Политические разговоры с Талаатом и Иззетом были нелегки. Они выслушивали с большим вниманием все, что мы им говорили, сами не высказывая никаких мнений и ссылаясь на свою неосведомленность в вопросах внешней политики, которой будто бы ведал великий визирь, Саид-Халим, не игравший, как мы знали, ровно никакой роли в правительстве, где все решалось исключительно голосами Талаата, Энвера и Джемаля, главарями партии Единения и Прогресса.

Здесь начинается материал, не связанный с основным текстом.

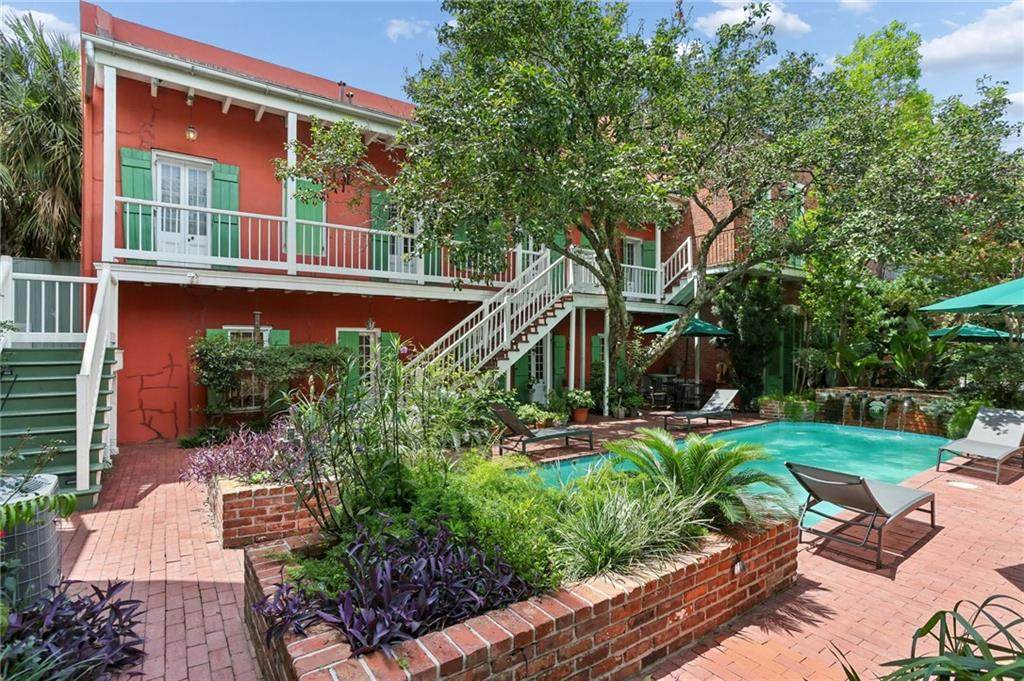 1022 St Peter Street - Photo 1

В вопросе о проведении армянских реформ, которому я придавал очень большую важность из-за того значения, которое имело его благополучное завершение в глазах многочисленного армянского населения наших пограничных с Турцией областей, Талаат-бей был, если это возможно, ещё более сдержан и осторожен, чем в вопросе о германской военной миссии. Русский почин в реформе армянских вилаетов был особенно неприятен младотурецкому правительству, смотревшему на него как на посягательство иностранной власти на государственную независимость Турции. Тут я не мог рассчитывать ни на какое содействие младотурок, питавших к своим армянским соотечественникам глубокую ненависть и неискоренимую подозрительность. Единственно, чего мне хотелось достигнуть в моих беседах с Талаатом, было вселить в него убеждение, что мы смотрим чрезвычайно серьезно на армянский вопрос и что мы твёрдо намерены неослабно наблюдать за проведением в жизнь реформ, гарантировавших турецким армянам человеческое существование.

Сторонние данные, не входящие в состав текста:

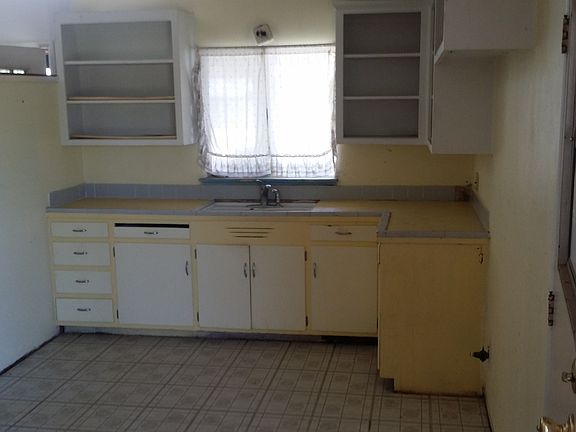 2nd image of 5828 44th St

Я не имею возможности сказать, произвели ли мои разговоры должное действие на Талаата и убедили ли они его в необходимости избегать опасности столкновения с Россией, к которому должен был привести её, рано или поздно, отказ от независимой национальной политики и полное подчинение указаниям из Берлина. То немногое, что я слышал от него в ответ, звучало дружественно и как будто указывало на желание считаться с нашими предостережениями, но было ли оно искренно, мне было решить трудно. Зная нравственное обличие этого человека, я склонялся к тому, что в обстановке нашего крымского свидания ожидать от него правды было ещё гораздо труднее, чем во всякой другой, когда он не ощущал на себе никаких внешних стеснений и мог дать полный простор тому цинизму, который сделал его предметом ужаса и ненависти в глазах его собственных соотечественников. Для психологического анализа не было времени, и мне приходилось судить о Талаате по тем готовым данным, которыми я мог располагать.

В день своего отбытия Талаат и Иззет пригласили меня и моих сотрудников, а также нескольких лиц свиты Государя обедать на яхте султана, стоявшей на якоре в ялтинском порту. Во время обеда Талаат, сидевший рядом со мной, говорил мало и казался чем-то озабочен. К самому концу обеда и незадолго перед тем, как я хотел вернуться с яхты на берег, он наклонился ко мне и сказал очень тихим голосом, чтобы не быть услышанным другими: «Я должен сделать вам серьезное предложение. Не хочет ли русское правительство заключить союз с Турцией?». Я должен признаться, что это предложение застигло меня врасплох. Я ожидал чего угодно, кроме предложения союза от Талаата. Справившись со своим изумлением, я спросил у него: «Отчего вы оставили ваше предложение до последней минуты, когда у вас было столько случаев сделать его раньше?». Талаат ответил мне, что обсудить его теперь, конечно, уже не было времени и что ему хотелось только знать, как бы я взглянул на возможность подобного союза. Я сказал ему, что наш посол в Константинополе вернется к своему посту через три дня. Мне не оставалось ничего другого, как поручить ему подробно обсудить сделанное мне турецкое предложение, которого я принципиально не отвергал, хотя и думал, что о серьезных вещах следует говорить весьма серьезно, с чем Талаат, по-видимому, согласился.